3. `save_and_load_to_path(path)`:

    This is a decorator factory that generates a decorator for saving the output of a function to a JSON file and loading it back the next time the function is called. 

    Parameters:

    `path`: The path where the JSON file is saved.

    How it works:

    - A decorator `decorator(func)` is defined that takes a function `func` to be decorated.
    - Inside this decorator, a `wrapper` function is defined to wrap around `func`.
    - Initially, `save_data` is set to `True`.
    - It then tries to open and load the JSON file at the given `path`. If it succeeds, it sets `save_data` to `False` and returns the loaded data.
    - If it fails to load the data, it runs `func` and returns its output.
    - If there's any exception, it's raised.
    - Finally, if `save_data` is still `True` (meaning the function was run and its output wasn't already saved), it saves the output of `func` to the JSON file at `path`.
    
    Note: These decorators are higher-order function that use `functools.wraps()` to preserve the metadata of `func`.

In [40]:
def log_dec(func):
    @functools.wraps(func)
    def wrapper(*args, **kwargs):
        try:
            if log_enabled:
                start_time = time()
                log.info('{} started'.format(func.__name__))
            return func(*args, **kwargs)
        except Exception as ex:
            raise ex
        finally:
            if log_enabled:
                duration = time() - start_time
                log.info('{} finished'.format(func.__name__))
    return wrapper

def run_notebook(func):
    @functools.wraps(func)
    def wrapper(*args, **kwargs):
        if show_notebook_results:
            return func(*args, **kwargs)
        else:
            return
    return wrapper

def save_and_load_to_path(path):
    def decorator(func):
        @functools.wraps(func)
        def wrapper(*args, **kwargs):
            save_data = True
            try:
                try:
                    with open(path, 'r') as file:
                        save_data = False
                        return json.load(file)
                except:
                    return func(*args, **kwargs)
            except Exception as ex:
                raise ex
            finally:
                if save_data:
                    with open(path, 'w') as file:
                        json.dump(func(*args, **kwargs), file)
            return wrapper
        return decorator

#### Utils

1. `read_in_text(file_path)`:

    This function reads in a text file and returns its contents as a string. 

    Parameters:
    
    `file_path`: A string specifying the path to the text file.

    How it works:

    - The function opens the file at `file_path` in read mode.
    - It then reads the entire content of the file into a string.
    - Finally, it returns this string.

    Note: This function is decorated with `@log_dec`, which will log the start and end time of its execution if logging is enabled.

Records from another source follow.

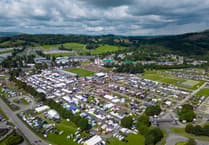 RWAS to take over SV Arena after director's death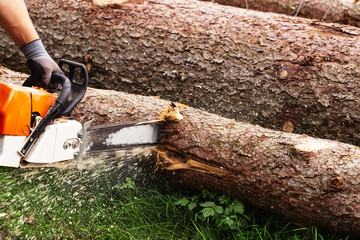Strong man is cutting a tree with a chainsaw
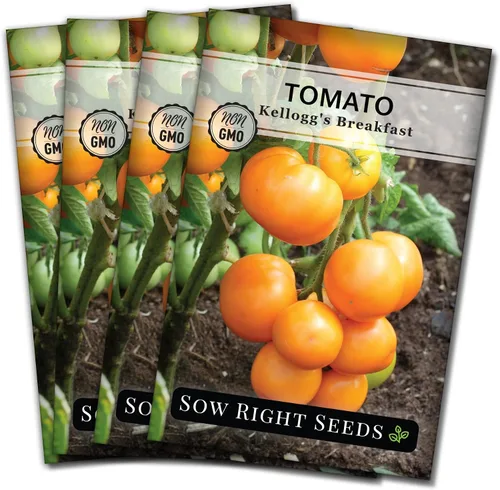 Miniatura 9 de Sow Right Seeds - Semillas de tomate Kellogg's Breakfast para plantar - Paquete de reliquia sin OMG con instrucciones para plantar un huerto casero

2. `read_in_csv(file_path, data_range=None)`:

    This function reads in a CSV file and returns its content as a string.
    
    Parameters:

    `file_path`: A string specifying the path to the CSV file.
    
    `data_range` (optional): A range of column indices. If provided, only these columns will be included in the output string. Default is `None`, in which case all columns are included.

    How it works:

    - The function opens the file at `file_path` in read mode.
    - It then reads the content of the file into a CSV reader object, with a comma as the delimiter.
    - The header row of the CSV file is skipped.
    - If `data_range` is not `None`, it creates a string `merged_data` that contains only the columns specified by `data_range` from each row of the CSV file, with each column separated by a comma and each row separated by a newline.
    - If `data_range` is `None`, it creates a string `merged_data` that contains all columns from each row of the CSV file, with each column separated by a comma and each row separated by a newline.
    - Finally, it returns `merged_data`.

    Note: This function is decorated with `@log_dec`, which will log the start and end time of its execution if logging is enabled.

In [41]:

@log_dec
def read_in_text(file_path):
    with open(file_path, 'r') as file:
        data = file.read()
    return data

@log_dec
def read_in_csv(file_path, data_range=None):
    _line_delim = '\n'
    _clm_delim = ', '

    with open(file_path, 'r') as file:
        data = csv.reader(file, delimiter=',')
        next(data) # deletes the header row of the csv-file
        if not data_range is None:
            merged_data = _line_delim.join(_clm_delim.join(row[i] for i in data_range) for row in data)
        else:
            merged_data = _line_delim.join(_clm_delim.join(row) for row in data)
    return merged_data

# Dataset tokenization

1. `tokenize_children_stories()`:

    This function reads in a text file containing children's stories, splits the text into paragraphs, and then tokenizes each paragraph into sentences. It returns a list of lists, where each inner list contains the sentences of a paragraph.

    How it works:

    - The function reads in a text file using the `read_in_text()` function. The file path is 'datasets_raw_data\\children_stories_text_corpus\\cleaned_merged_fairy_tales_without_eos.txt'.
    - It then splits the read text into paragraphs at double newline ('\n\n') characters.
    - Next, it tokenizes each paragraph into sentences using the `sent_tokenize()` function from the NLTK library. This results in a list of lists, where each inner list contains the sentences of a paragraph.
    - Finally, it returns this list of lists.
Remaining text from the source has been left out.